Blockbuster box office. Critical acclaim and Oscars recognition. From Get Out and Weapons to The Substance and Sinners, the horror genre is enjoying a glorious–and gory–golden age.

Screaming and Conjuring details the films and frights that led to this extraordinary renaissance, from the release of the groundbreaking Scream in 1996 to the arrival of 2013’s The Conjuring, which spawned a multi-billion dollar franchise. Written by entertainment journalist Clark Collis (author of You’ve Got Red on You: How Shaun of the Dead Was Brought to Life), this exhaustively researched book is the first in-depth examination of a remarkably fertile and influential time for big screen horror.

Wes Craven’s Scream was followed by a flood of classic terror tales such as The Blair Witch Project, The Sixth Sense, Final Destination, The Others, Pan's Labyrinth, 28 Days Later, Resident Evil, Saw, Hostel, Paranormal Activity, and Insidious. This comprehensive history covers the often difficult and tortuous making of all these films (and many more), giving readers the exclusive lowdown on productions which were often as intense as the horrifying sights that ended up on screen.

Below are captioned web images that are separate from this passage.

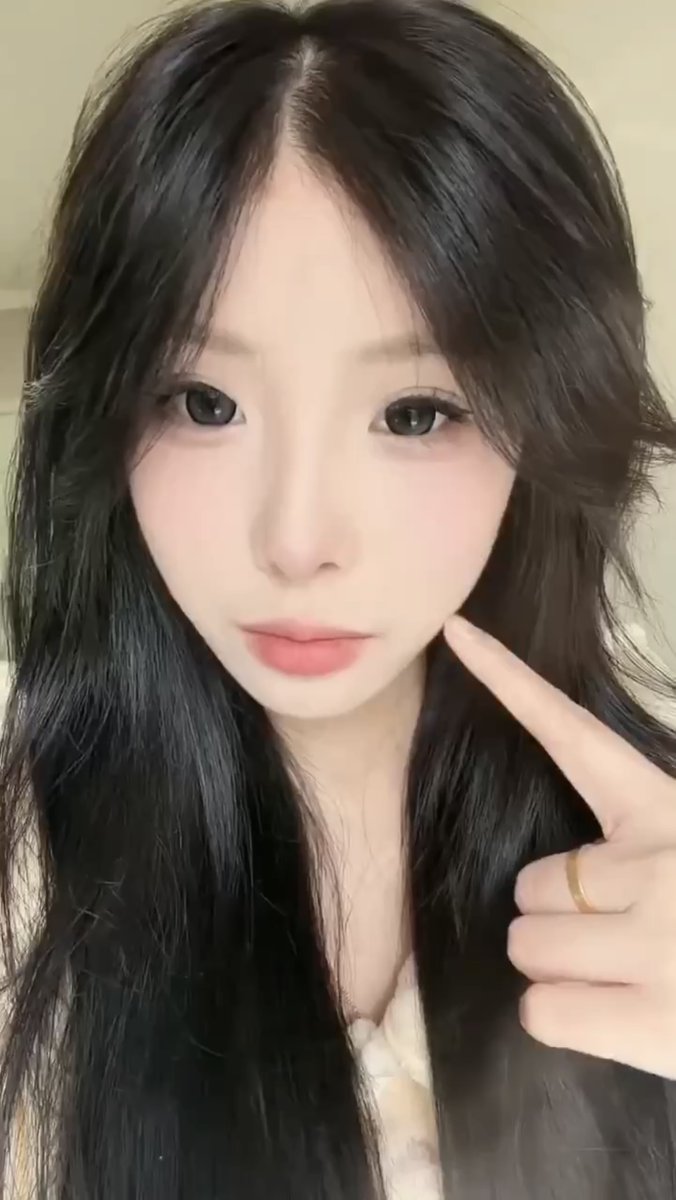 sacieth's tweet photo. 南京女王

身高172 体重98 脚码41

本主颜值甜美，手段严厉

擅长调教： 耳光，踩踏，捆绑，踢裆，脚奴，鞋奴，狗奴，烟灰缸，滴蜡，羞辱，人体板凳，鞭打，骑马，龟责， 四爱，黄金，圣水，圈养

喜欢高素质且干净的小狗 https://t.co/BpFsaci1VP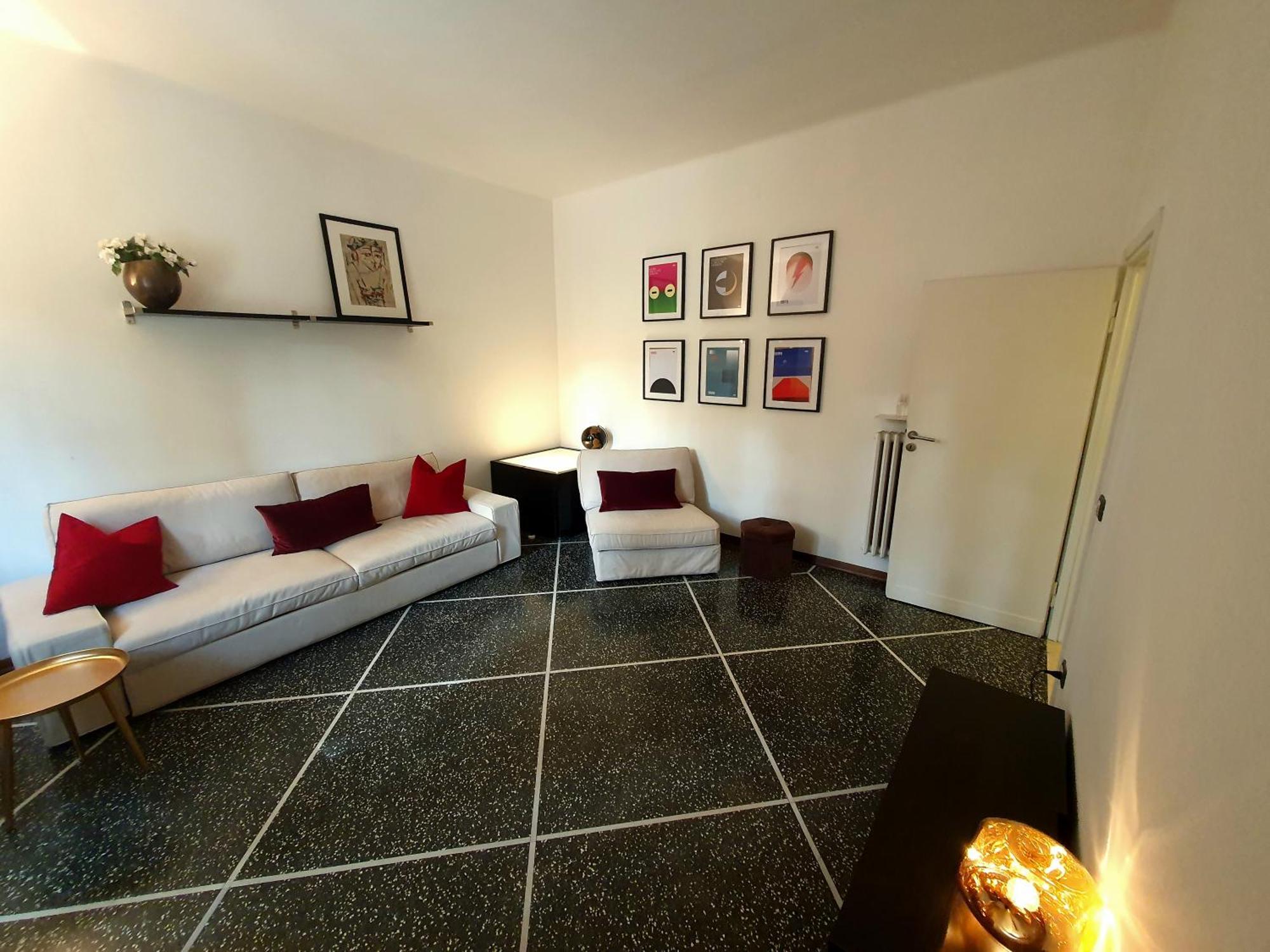Spacious Three-Room Apartment In Saragozza Болонья Екстер'єр фото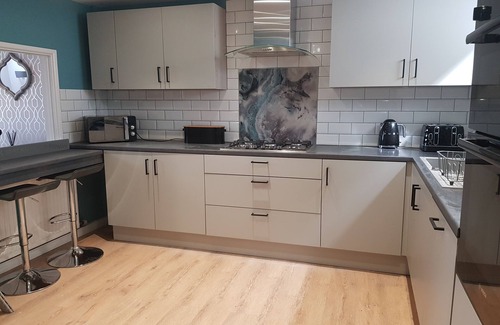 Saundersfoot Casa | Sea views. Hot Tub. Sleeps 7 Saundersfoot , 7 mins walk to village, seafront.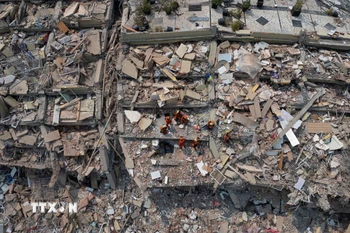 Hiện trường đổ nát sau trận động đất có độ lớn 7,7 tại Mandalay (Myanmar) ngày 1/4/2025. (Ảnh: THX/TTXVN)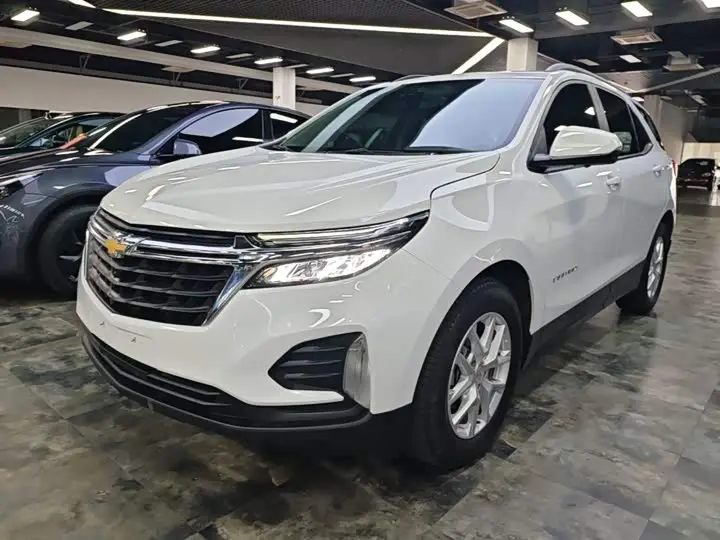 Chevrolet Equinox 2022, арт. CN-3591482 — фото 1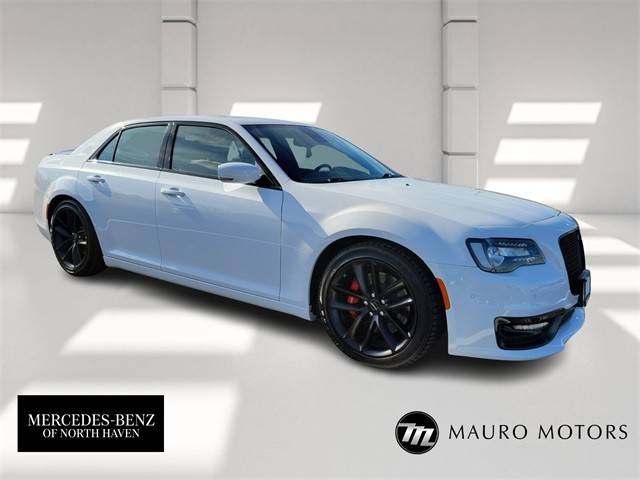 2023 Chrysler 300 300C RWD photo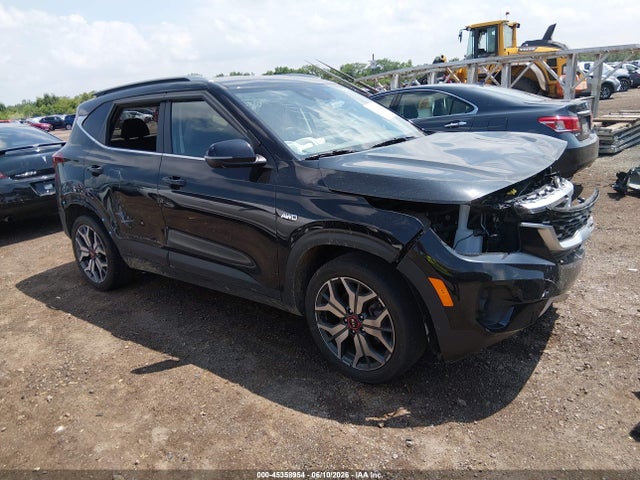 Salvage Kia Seltos Image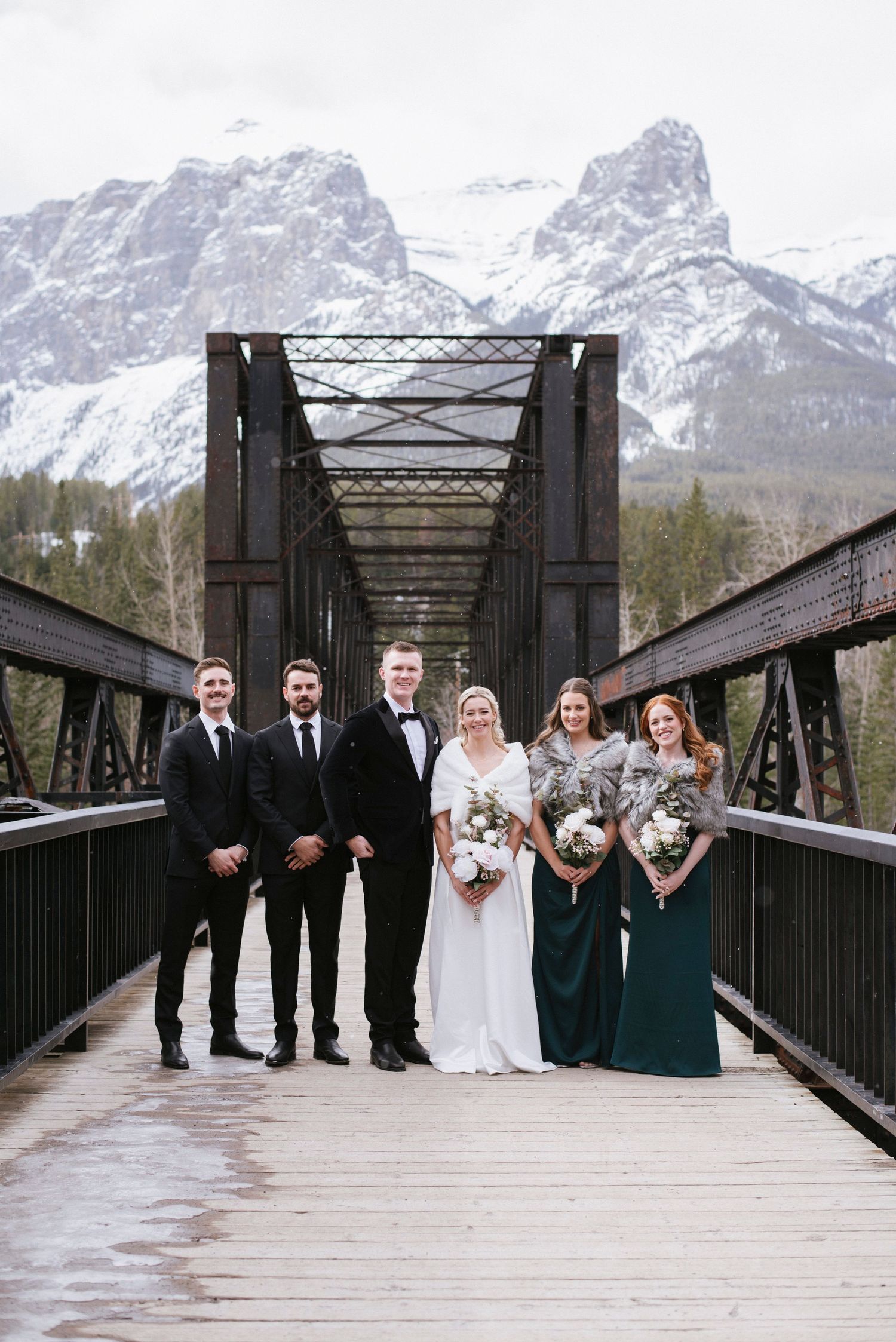 Silvertip Resort Canmore Wedding
Silvertip Resort Canmore Wedding Photographer
Engine Bridge Canmore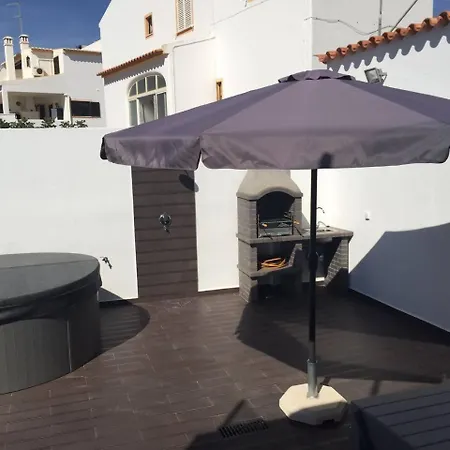 House With 3 Suites, Jacuzzi, Terraces, Albufeira Appartement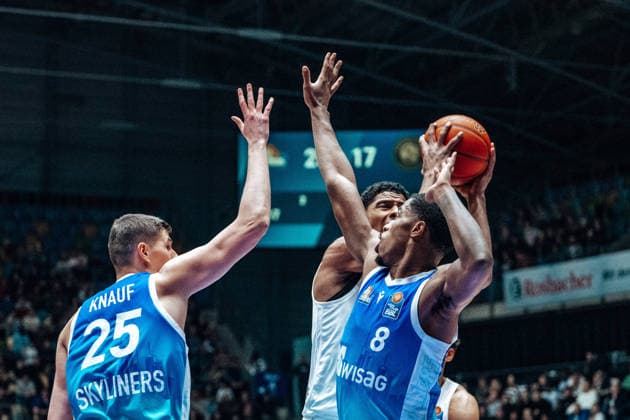 LJacob Knauf Skyliners Frankfurt, 25 , William Christmas Skyliners Frankfurt, 08 GER, Skyliners Frankfurt vs Basketball Loewen Braunschweig, Basketball, easycredit BBL, Bundesliga, Matchday 20, Season 2025 2026 14 02 2026 Eibner Pressefoto Attila Ziga GER, Skyliners Frankfurt vs Basketball Loewen Braunschweig, Basketball, easycredit BBL, Bundesliga, Matchday 20, Season 2025 2026 14 02 2026 Frankfurt am Main Copyright: xEibner-Pressefotox EP_AZA
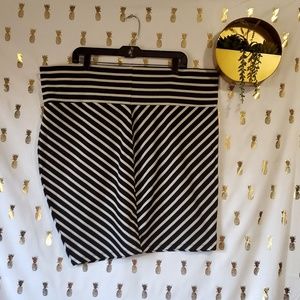 Torrid Black & White Striped Skirt Size 3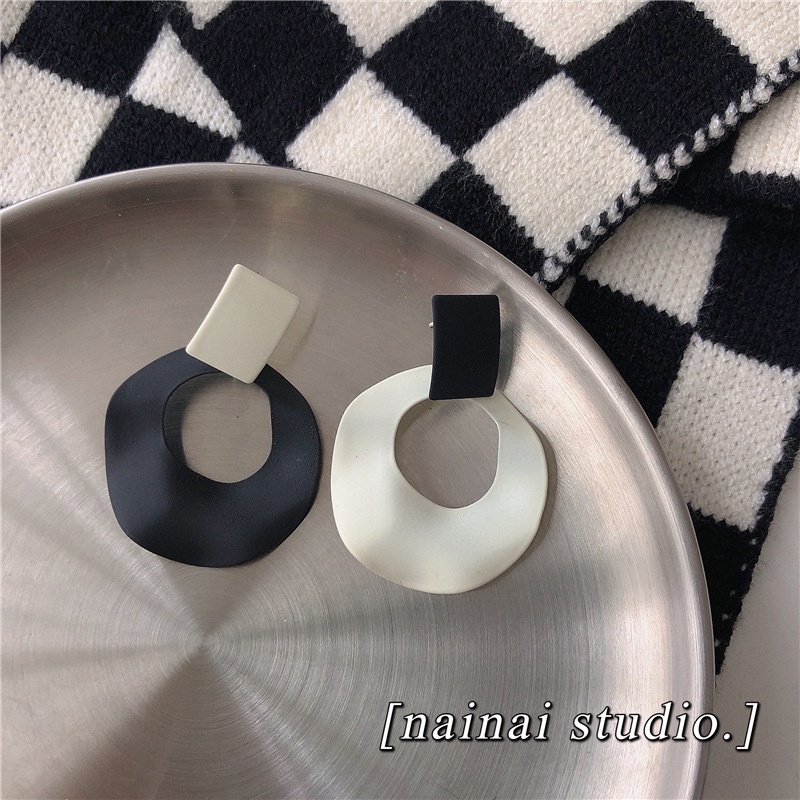 Bông Tai Hình Tròn Không Đối Xứng Màu Trắng Đen Phong Cách Cổ Điển Thời Trang Cho Nữ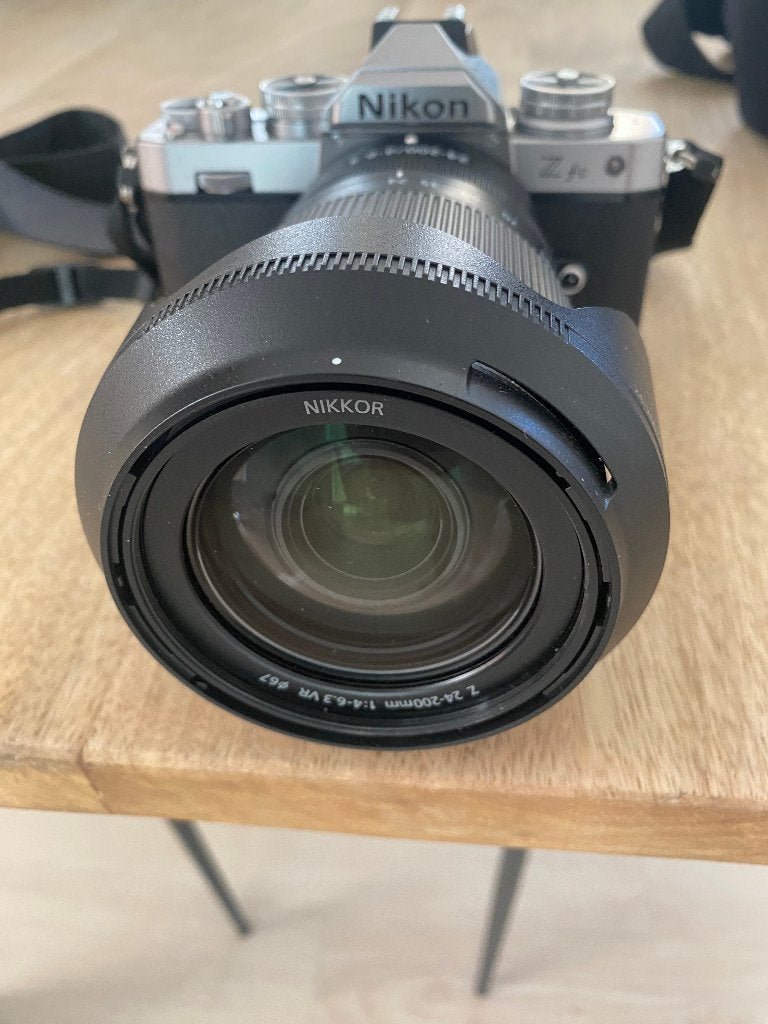 Nikon Z fc body + Nikon 24-200mm (NikkorZ), Audio, Tv en Foto, Ophalen, 21 megapixels, Bodydop, Zo goed als nieuw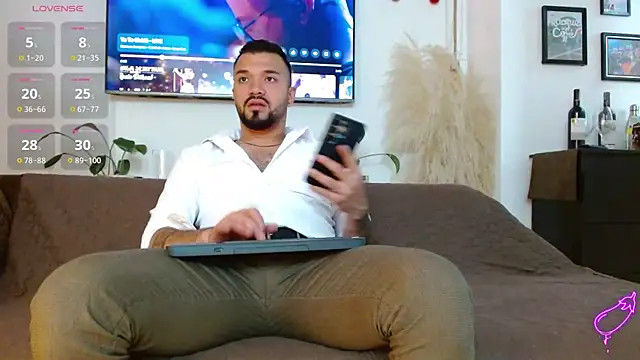 mathewv  online show from November 13, 3:44 am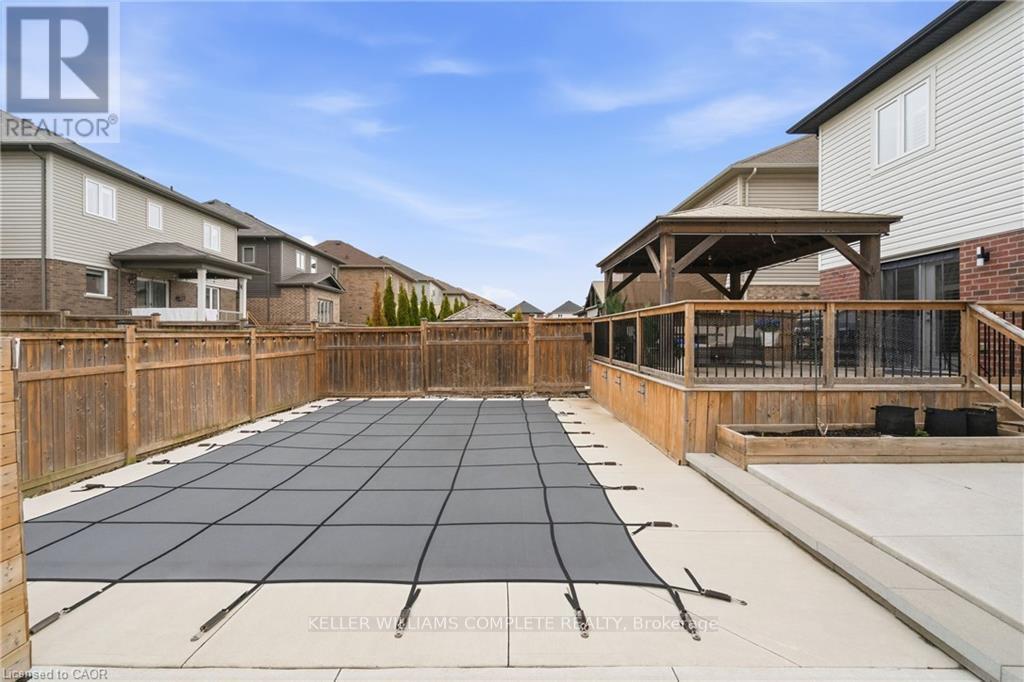 39 Turi Drive, Hamilton, Ontario  L9B 0E2 - Photo 36 - X12951830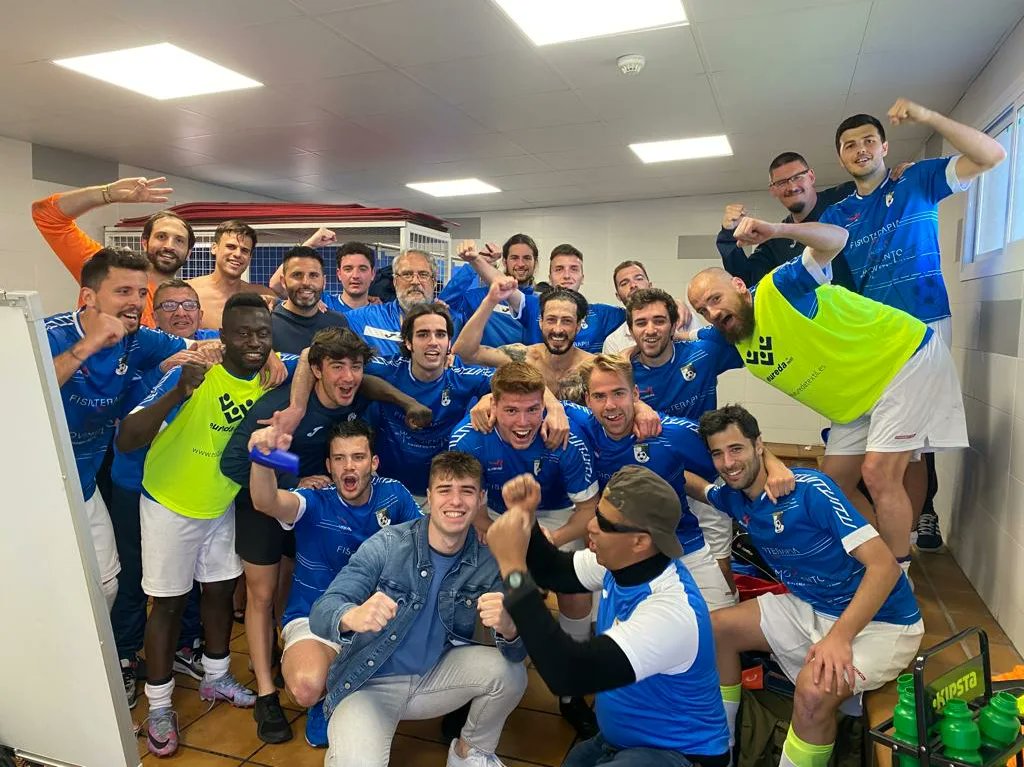 CFAmisport's tweet photo. Jornada 24ª de liga 🏆

C.F. Amisport "A" 2
Periso C.F. "B" 1

⚽ @Miguel_Moteiro9
⚽ @rogeliobatapa 

E.M.F. Águilas de Moratalaz "B" 4
C.F. Amisport "B" 1

⚽ Samu

@FutMadrid
@GradaSiete @Balon_Tierra @RegMadrid @elgoldemadriz @RFFM_oficial https://t.co/gCFC1fjkaW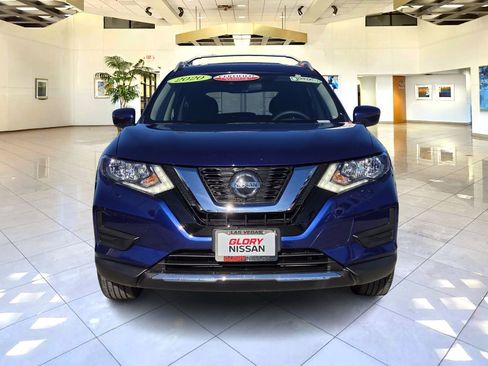 Certified 2020 Nissan Rogue SV image 2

Screaming and Conjuring features recollections from a host of genre icons, including actors Jamie Lee Curtis (Halloween) and Neve Campbell (Scream), directors Eli Roth (Hostel) and Sam Raimi (Evil Dead, Drag Me to Hell), and legendary makeup effects artist Greg Nicotero (The Mist, The Walking Dead). The book also includes 200 production stills, film posters, and rarely seen images.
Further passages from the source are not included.